Wang Wenwen, Xu Yang, Yuan Suzhen, Li Zhiying, Zhu Xin, Zhou Qin, Shen Wenfeng, Wang Shixuan
Department of Obstetrics and Gynecology, Tongji Medical College, Tongji Hospital, Huazhong University of Science and Technology, Wuhan, China.
School of Computer Engineering and Science, Shanghai University, Shanghai, China.
Front Med (Lausanne). 2022 Mar 4;9:851890. doi: 10.3389/fmed.2022.851890. eCollection 2022.
Endometrial carcinoma (EC) is a common cause of cancer death in women, and having an early accurate prediction model to identify this disease is crucial. The aim of this study was to develop a new machine learning (ML) model-based diagnostic prediction model for EC. We collected data from consecutive patients between November 2012 and January 2021 at tertiary hospitals in central China. Inclusion criteria included women undergoing endometrial biopsy, dilation and curettage, or hysterectomy. A total of 9 features, including patient demographics, vital signs, and laboratory and ultrasound results, were selected in the final analysis. This new model was combined with three top optimal ML methods, namely, logistic regression, gradient-boosted decision tree, and random forest. A total of 1,922 patients were eligible for final analysis and modeling. The ensemble model, called TJHPEC, was validated in an internal validation cohort and two external validation cohorts. The results showed that the AUC values were 0.9346, 0.8341, and 0.8649 for the prediction of total EC and 0.9347, 0.8073, and 0.871 for prediction of stage I EC. Nine clinical features were confirmed to be highly related to the prediction of EC in TJHPEC. In conclusion, our new model may be accurate for identifying EC, especially in the early stage, in the general population of central China.

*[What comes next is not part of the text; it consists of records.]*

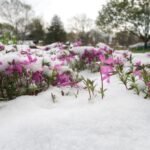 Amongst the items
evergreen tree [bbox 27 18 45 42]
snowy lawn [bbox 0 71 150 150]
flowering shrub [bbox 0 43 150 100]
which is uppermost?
evergreen tree [bbox 27 18 45 42]

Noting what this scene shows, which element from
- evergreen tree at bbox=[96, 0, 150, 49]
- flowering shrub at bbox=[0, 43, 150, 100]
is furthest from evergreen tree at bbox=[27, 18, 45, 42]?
flowering shrub at bbox=[0, 43, 150, 100]

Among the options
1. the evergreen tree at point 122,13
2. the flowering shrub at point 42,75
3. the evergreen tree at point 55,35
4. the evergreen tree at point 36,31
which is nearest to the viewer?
the flowering shrub at point 42,75

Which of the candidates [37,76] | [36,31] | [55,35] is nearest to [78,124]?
[37,76]

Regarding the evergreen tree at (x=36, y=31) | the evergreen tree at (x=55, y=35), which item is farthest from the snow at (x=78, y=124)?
the evergreen tree at (x=36, y=31)

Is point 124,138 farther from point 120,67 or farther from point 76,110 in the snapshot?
point 120,67

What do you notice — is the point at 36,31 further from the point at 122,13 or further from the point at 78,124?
the point at 78,124

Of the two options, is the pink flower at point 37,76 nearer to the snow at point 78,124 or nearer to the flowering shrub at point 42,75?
the flowering shrub at point 42,75

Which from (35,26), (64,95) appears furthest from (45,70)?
(35,26)

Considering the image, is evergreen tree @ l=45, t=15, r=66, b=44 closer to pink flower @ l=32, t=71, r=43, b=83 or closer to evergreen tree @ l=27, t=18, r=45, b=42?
evergreen tree @ l=27, t=18, r=45, b=42

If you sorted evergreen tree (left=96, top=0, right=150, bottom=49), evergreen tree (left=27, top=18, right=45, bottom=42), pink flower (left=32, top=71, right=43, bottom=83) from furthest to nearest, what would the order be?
evergreen tree (left=27, top=18, right=45, bottom=42)
evergreen tree (left=96, top=0, right=150, bottom=49)
pink flower (left=32, top=71, right=43, bottom=83)

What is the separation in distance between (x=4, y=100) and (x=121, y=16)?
30869 mm

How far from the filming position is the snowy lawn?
5.08 feet

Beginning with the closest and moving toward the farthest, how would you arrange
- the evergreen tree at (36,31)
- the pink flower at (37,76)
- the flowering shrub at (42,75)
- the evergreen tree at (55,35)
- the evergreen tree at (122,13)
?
the flowering shrub at (42,75) → the pink flower at (37,76) → the evergreen tree at (122,13) → the evergreen tree at (55,35) → the evergreen tree at (36,31)

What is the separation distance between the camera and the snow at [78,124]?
155 centimetres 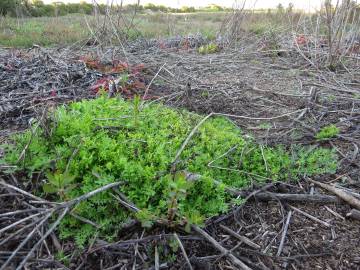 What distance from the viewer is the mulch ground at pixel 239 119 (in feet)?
5.39

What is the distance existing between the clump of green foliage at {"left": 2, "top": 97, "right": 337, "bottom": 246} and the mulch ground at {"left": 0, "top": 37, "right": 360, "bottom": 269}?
9 centimetres

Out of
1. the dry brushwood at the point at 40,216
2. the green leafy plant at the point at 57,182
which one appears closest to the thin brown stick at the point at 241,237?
the dry brushwood at the point at 40,216

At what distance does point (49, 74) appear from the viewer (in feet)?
13.4

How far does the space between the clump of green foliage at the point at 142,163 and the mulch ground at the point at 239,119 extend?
3.7 inches

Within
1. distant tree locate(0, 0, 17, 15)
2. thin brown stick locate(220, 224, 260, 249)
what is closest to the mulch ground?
thin brown stick locate(220, 224, 260, 249)

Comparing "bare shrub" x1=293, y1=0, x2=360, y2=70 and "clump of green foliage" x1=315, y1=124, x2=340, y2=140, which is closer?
"clump of green foliage" x1=315, y1=124, x2=340, y2=140

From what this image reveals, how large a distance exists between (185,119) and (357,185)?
4.16ft

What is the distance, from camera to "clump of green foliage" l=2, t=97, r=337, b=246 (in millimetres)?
1712

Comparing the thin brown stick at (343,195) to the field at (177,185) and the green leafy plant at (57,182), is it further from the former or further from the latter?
the green leafy plant at (57,182)

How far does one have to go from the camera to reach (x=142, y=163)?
1.99 m

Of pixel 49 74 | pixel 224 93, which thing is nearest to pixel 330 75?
pixel 224 93

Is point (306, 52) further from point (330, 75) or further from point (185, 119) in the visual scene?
point (185, 119)

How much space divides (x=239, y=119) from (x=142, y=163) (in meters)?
1.51

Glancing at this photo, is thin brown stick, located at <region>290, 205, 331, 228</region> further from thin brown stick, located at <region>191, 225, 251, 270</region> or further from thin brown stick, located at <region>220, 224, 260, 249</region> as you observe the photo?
thin brown stick, located at <region>191, 225, 251, 270</region>
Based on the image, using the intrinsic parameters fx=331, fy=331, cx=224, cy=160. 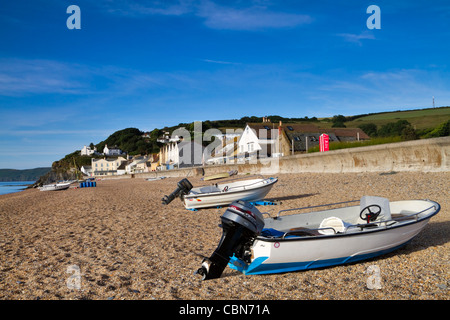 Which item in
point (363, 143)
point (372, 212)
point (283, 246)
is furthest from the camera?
point (363, 143)

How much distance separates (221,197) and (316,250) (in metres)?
7.57

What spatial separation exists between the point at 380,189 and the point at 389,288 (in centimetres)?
890

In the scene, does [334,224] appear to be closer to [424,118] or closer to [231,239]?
[231,239]

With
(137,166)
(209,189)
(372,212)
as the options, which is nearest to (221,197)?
(209,189)

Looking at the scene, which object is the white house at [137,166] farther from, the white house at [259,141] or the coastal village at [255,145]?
the white house at [259,141]

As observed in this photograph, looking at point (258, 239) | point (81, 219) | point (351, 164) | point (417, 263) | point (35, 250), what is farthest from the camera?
point (351, 164)

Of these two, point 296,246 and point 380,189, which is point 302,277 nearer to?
point 296,246

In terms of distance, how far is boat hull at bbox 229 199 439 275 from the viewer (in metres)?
4.87

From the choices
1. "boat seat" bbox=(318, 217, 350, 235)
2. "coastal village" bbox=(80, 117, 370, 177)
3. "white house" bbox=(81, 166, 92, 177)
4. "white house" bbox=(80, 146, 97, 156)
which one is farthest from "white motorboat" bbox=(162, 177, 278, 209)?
"white house" bbox=(80, 146, 97, 156)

子宫内膜癌(EC)是女性癌症死亡的常见原因,拥有一个早期准确的预测模型来识别这种疾病至关重要。本研究的目的是开发一种基于机器学习(ML)模型的新型EC诊断预测模型。我们收集了2012年11月至2021年1月期间中国中部三级医院连续就诊患者的数据。纳入标准包括接受子宫内膜活检、刮宫术或子宫切除术的女性。最终分析共选择了9个特征,包括患者人口统计学特征、生命体征以及实验室和超声检查结果。这个新模型与三种顶级优化ML方法相结合,即逻辑回归、梯度提升决策树和随机森林。共有1922例患者符合最终分析和建模的条件。名为TJHPEC的集成模型在一个内部验证队列和两个外部验证队列中进行了验证。结果显示,预测总EC时的AUC值分别为0.9346、0.8341和0.8649,预测I期EC时的AUC值分别为0.9347、0.8073和0.871。在TJHPEC中,9个临床特征被证实与EC的预测高度相关。总之,我们的新模型在识别中国中部普通人群中的EC方面可能是准确的,尤其是在早期阶段。